5.1. Low-Resource Scenario

To explore low-resource scenarios, we split Grabo and Patience per speaker. For each speaker, we randomly select a fixed number of examples per class for the training set of the SLU model. By gradually increasing the size of the training set, we are able to measure the learning curve. This operation is performed three times per speaker, with different splits each time. We compute the micro-averaged F1 score for each experiment and report the average F1 score with its standard deviation in Figure 2.

We compare our representations (MLM in Figure 2) with three types of features: NLP features generated by encoding the gold transcriptions with bert-base-dutch-cased [33], Pipeline features resulting from the encoding of ASR transcripts predicted by ESPnet’s hybrid ASR model [12] trained on CGN with bert-base-dutch-cased and CLM features corresponding to the output of the penultimate layer of the ASR model. To provide a fair comparison, neither the NLP, ASR nor MLM model encountered training examples from the SLU dataset. In other words, we do not fine tune any of the representation models on the downstream datasets at this stage. Both the ASR and MLM models are trained on CGN, and the NLP model is trained on a collection of five text corpora for a total of about 2.4B tokens.

Considering the amount of training data, it is no surprise to see that the gold transcript encoded with the NLP model performs very well in all data regimes. As expected, the ASR transcripts show the weakest performance.
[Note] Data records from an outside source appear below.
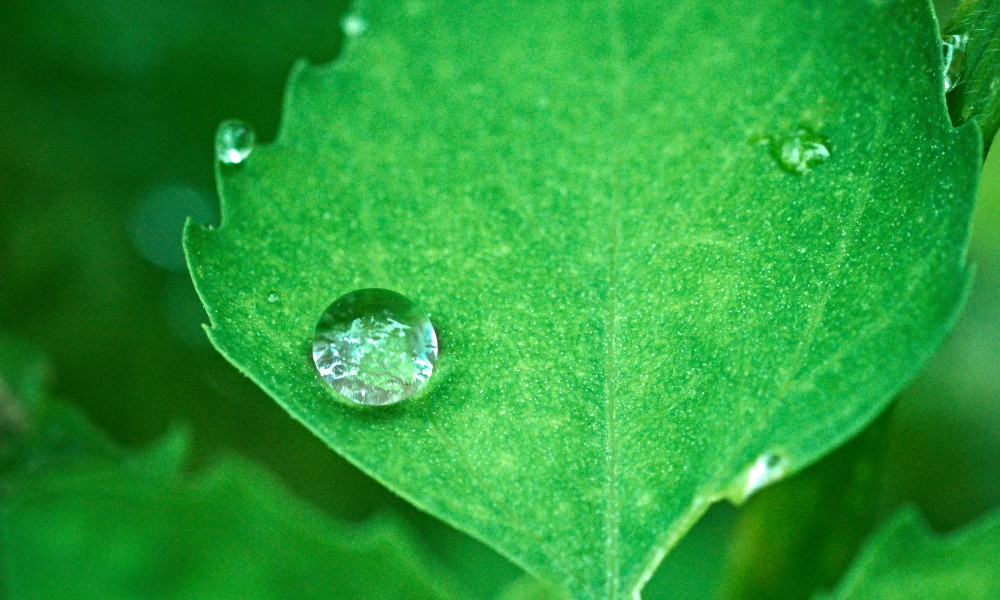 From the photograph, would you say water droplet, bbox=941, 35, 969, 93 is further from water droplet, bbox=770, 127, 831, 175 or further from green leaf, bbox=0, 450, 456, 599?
green leaf, bbox=0, 450, 456, 599

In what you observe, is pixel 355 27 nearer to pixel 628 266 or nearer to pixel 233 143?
pixel 233 143

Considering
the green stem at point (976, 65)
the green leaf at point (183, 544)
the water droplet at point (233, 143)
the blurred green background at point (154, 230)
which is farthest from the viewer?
the blurred green background at point (154, 230)

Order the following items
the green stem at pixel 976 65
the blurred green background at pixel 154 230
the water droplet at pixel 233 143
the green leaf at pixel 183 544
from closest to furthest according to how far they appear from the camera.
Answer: the green stem at pixel 976 65 < the water droplet at pixel 233 143 < the green leaf at pixel 183 544 < the blurred green background at pixel 154 230

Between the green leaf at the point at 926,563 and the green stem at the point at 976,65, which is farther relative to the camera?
the green leaf at the point at 926,563

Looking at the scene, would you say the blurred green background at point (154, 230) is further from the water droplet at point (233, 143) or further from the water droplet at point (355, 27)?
the water droplet at point (355, 27)

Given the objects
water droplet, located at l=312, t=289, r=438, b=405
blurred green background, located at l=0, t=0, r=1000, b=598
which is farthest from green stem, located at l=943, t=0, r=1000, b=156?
blurred green background, located at l=0, t=0, r=1000, b=598

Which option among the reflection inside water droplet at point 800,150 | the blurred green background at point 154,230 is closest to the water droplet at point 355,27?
the reflection inside water droplet at point 800,150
Converting features into discrete symbols forces the model to make decisions, resulting in potential errors from which the model cannot recover. In contrast, the CLM and MLM models use the hidden representations produced by the model, thus avoiding this problem. Nonetheless, we see that the CLM features perform worse than our model. The masked language modeling objective allows the MLM model to look at both right and left contexts, whereas the CLM model only has access to previous predictions. Because each predicted unit is conditioned on the whole sentence, the model is able to derive better representations than by only looking at the past.
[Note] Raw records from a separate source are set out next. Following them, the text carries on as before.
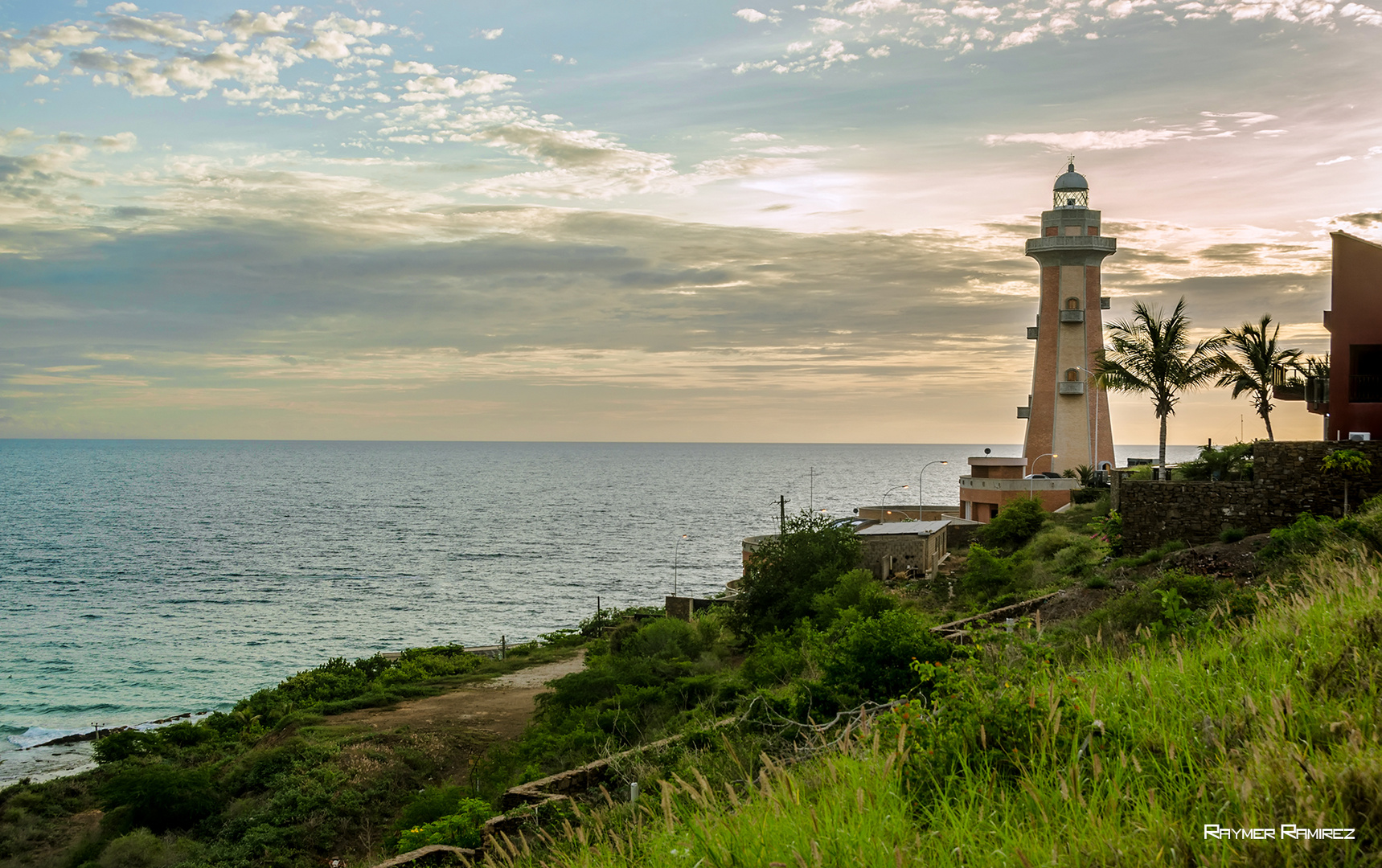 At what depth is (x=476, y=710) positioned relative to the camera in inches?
1324

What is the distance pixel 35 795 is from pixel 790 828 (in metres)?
31.9

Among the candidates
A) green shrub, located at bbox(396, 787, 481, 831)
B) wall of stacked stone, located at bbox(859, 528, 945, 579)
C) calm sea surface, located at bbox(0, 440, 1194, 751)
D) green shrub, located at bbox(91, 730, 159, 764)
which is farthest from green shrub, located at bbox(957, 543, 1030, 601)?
calm sea surface, located at bbox(0, 440, 1194, 751)

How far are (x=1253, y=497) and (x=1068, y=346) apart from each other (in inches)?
1244

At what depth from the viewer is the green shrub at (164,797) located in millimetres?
24234

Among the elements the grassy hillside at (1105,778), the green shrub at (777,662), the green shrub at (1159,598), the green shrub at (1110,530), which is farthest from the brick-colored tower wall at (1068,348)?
the grassy hillside at (1105,778)

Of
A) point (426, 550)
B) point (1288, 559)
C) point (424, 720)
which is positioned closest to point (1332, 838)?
point (1288, 559)

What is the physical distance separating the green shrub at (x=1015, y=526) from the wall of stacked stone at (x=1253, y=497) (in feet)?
45.5

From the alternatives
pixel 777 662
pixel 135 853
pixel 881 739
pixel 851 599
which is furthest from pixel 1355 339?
pixel 135 853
We also compare our results with the state of the art on both datasets [32]. This model combines ASR pretraining and an NMF decoder for intent recognition [32,34]. The NMF decoder uses a bag-of-words approach with multihot intent representation, thus ignoring the order of the words in the sentence. Although this model was presented for dysarthric speech, results are available for both the Grabo and Patience datasets [32]. The main advantage of the NMF decoder is its low computational requirements, which makes it particularly well-suited when very few training data are available, as can be observed in Figure 2a. This advantage disappears as the size of the training set increases. However, for the Patience corpus, in which the order of words is important for prediction, our approach achieves better performance compared to the model proposed by Wang and Van hamme [34], in which the sequence order is ignored (Figure 2b).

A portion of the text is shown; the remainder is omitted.